* [PROVIDED ENTRIES]:

+ + + + +

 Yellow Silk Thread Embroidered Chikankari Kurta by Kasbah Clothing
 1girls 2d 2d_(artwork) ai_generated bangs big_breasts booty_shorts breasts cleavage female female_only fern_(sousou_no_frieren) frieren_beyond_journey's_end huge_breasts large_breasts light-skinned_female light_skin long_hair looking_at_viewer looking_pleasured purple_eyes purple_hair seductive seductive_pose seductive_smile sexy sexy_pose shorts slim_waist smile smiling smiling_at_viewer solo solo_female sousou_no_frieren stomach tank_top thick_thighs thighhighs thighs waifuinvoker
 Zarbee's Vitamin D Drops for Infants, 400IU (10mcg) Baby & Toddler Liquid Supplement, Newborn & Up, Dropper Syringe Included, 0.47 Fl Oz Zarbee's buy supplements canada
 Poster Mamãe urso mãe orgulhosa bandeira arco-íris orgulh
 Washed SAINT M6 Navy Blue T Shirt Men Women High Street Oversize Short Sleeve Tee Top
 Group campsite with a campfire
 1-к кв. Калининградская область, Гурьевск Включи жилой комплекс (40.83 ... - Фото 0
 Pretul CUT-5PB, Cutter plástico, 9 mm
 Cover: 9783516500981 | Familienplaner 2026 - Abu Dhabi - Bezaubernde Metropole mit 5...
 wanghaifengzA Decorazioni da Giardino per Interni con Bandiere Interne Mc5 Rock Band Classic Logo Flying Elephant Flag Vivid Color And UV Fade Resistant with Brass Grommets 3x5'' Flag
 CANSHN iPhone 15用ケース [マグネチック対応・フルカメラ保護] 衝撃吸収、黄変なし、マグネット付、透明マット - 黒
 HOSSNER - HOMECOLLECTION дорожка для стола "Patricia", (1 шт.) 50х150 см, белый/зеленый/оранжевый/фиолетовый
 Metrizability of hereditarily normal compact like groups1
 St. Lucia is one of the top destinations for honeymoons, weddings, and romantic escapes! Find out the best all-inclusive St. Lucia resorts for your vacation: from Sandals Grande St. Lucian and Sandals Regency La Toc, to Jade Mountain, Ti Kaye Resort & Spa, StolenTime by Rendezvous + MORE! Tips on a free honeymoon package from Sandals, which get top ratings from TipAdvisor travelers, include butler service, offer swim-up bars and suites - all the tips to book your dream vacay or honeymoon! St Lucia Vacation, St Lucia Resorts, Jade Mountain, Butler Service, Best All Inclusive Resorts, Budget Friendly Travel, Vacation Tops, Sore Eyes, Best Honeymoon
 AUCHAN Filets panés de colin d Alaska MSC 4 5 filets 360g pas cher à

+ + + + +

* [YOUR ASSIGNMENT]:
For each line in the material above that contains the string "with", make a copy.

* [EXERCISE SOLUTION]:
 Group campsite with a campfire
 wanghaifengzA Decorazioni da Giardino per Interni con Bandiere Interne Mc5 Rock Band Classic Logo Flying Elephant Flag Vivid Color And UV Fade Resistant with Brass Grommets 3x5'' Flag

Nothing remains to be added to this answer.